Постепенно выкристаллизовывается новое ощущение: причина не в том, что Невес что-то сделал не так, а в том, что многого не сделал. Были минуты, когда необходимо было что-то предпринять, сказать, а он не предпринимал и не говорил. Пропустил тот момент, когда Элена стала отдаляться от него, не переубедил, не удержал Милинью, не высказал правду в глаза этому приспособленцу Тулио…
И, желая не столько компенсировать упущенное, сколько убедиться, что выбор был, что все невзгоды не фатальны, фантазия вновь начинает свой путь с перекрестков жизненного пути, на сей раз отправляясь в те стороны, куда Невес в своем реальном прошлом не ходил. Так рождается еще один пласт романа. К прошлому примыкает неосуществленное.
Звучат непроизнесенные слова, используются упущенные шансы. Невес представляет себе продолжения, которых не получили многие эпизоды из его реального прошлого: «Я все-таки пошел к Элии…», наплывами возникает несколько вариантов этого визита. Интересно, что фактически разница между вариантами незначительная — то Невес отступает сразу, то пробует объясниться, то смущенно колеблется, — результат от этого не меняется: он отвергнут.
Образ Элии неоднозначен. В нем для старого писателя концентрируется и новое и вечное, то, что он не приемлет и перед чем преклоняется. Элия, подруга его дочери Милиньи, и их друзья поднимают на щит философию, глубоко чуждую Невесу как писателю и перечеркивающую нее человеческие ценности, которые тот защищал на протяжении всей жизни. Как раз в то время, когда старый писатель пересматривает свою жизнь шаг за шагом, на него грозят обрушиться целые сонмища «новейших» теорий и похоронить под широковещательными декларациями молодежной богемы не только смысл — жизни, истории, человеческих отношений, — но и необходимость поисков этого самого смысла. Да и сам Невес порой готов с горечью говорить об «износе» истории, но никогда — в этом его позиция смыкается с авторской — он не назовет историю абсурдной, никогда не согласится видеть перед собой лишь сегодняшний день, как это цинично предлагает Милинья, и не заменит любовь модным словом «либидо», как Элия.

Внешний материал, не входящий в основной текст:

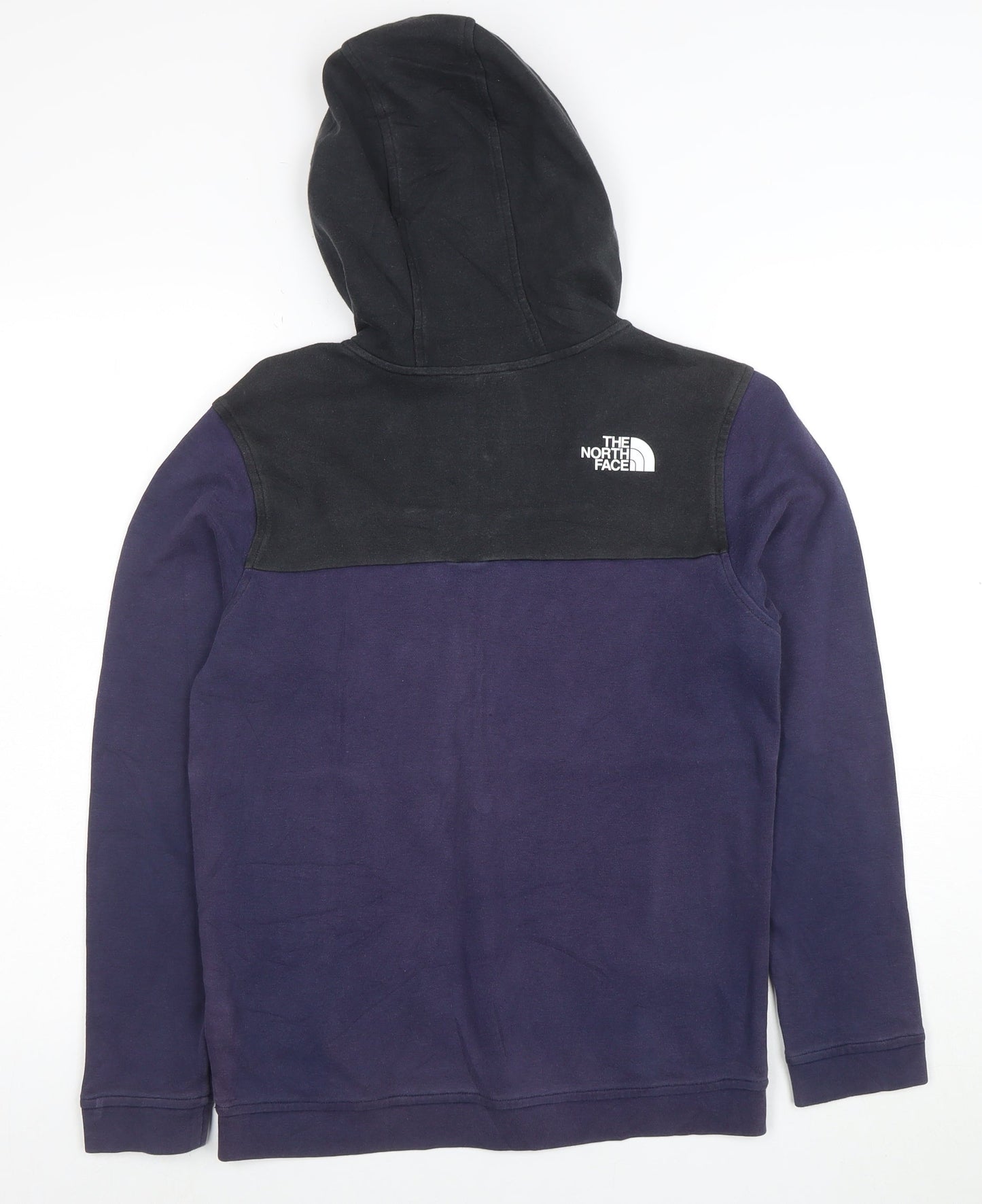 The North Face Boys Purple & Black 1/2 Zip Hoodie Size Large - L/14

Масштабы этого спора надо понимать шире, нежели традиционное противопоставление «отцы и дети» или внутренний конфликт «Невес — Элия». Это — принципиальная позиция самого Феррейры, своеобразный вариант ответа на его извечное «для чего?». Но все же Элия — шанс «начать все с начала», не завести банальный роман, а отогреться у огня чужой юности. Поэтому Невес-двойник, плод фантазии Невеса-первого, вызывает скорее сострадание, когда, как нищий, вымаливает милостыню — не любви, так хоть проблеск интереса.

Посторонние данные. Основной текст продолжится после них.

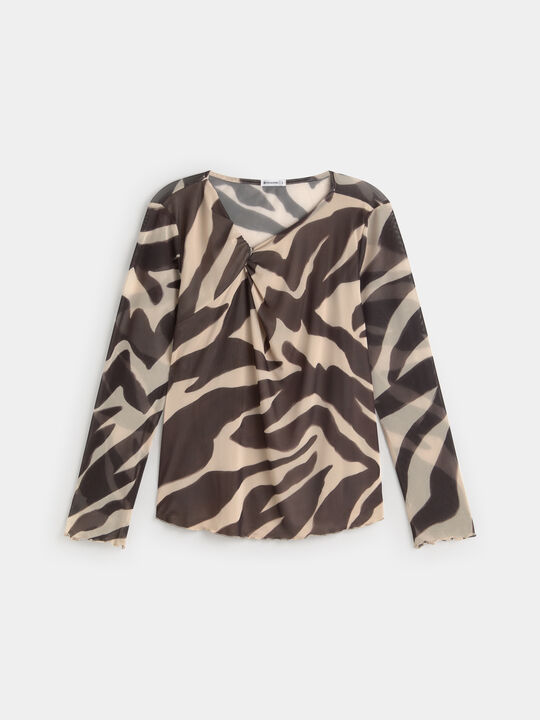 CAMISETA DETALLE FRUNCE Estampado 1 image number null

Знаменательно, что герой Феррейры с самого начала, еще до того, как мысленно «отправиться в путешествие», предугадывает конец, в истории с Элией все заранее известно, эта поздняя страсть обречена и в мечтах и наяву. Поэтому постепенно грань между воображаемым и явью стирается, реальность бесцеремонно вторгается в хрупкий мир фантазии, и все чаще в словах, адресованных Элии, проскальзывает обращение к Элене… И уже не различишь лица женщины, которую Невес-двойник ласкает на пляже, пока настоящий Невес раздумывает об этом в своей одинокой квартире — то ли это Элия, то ли девушка с фотографии, но это уже не важно, потому что правда выходит победительницей из схватки с иллюзией и заявляет о себе вселенским воплем беспомощного Невеса: «Очки, где мои очки, я ничего не вижу!»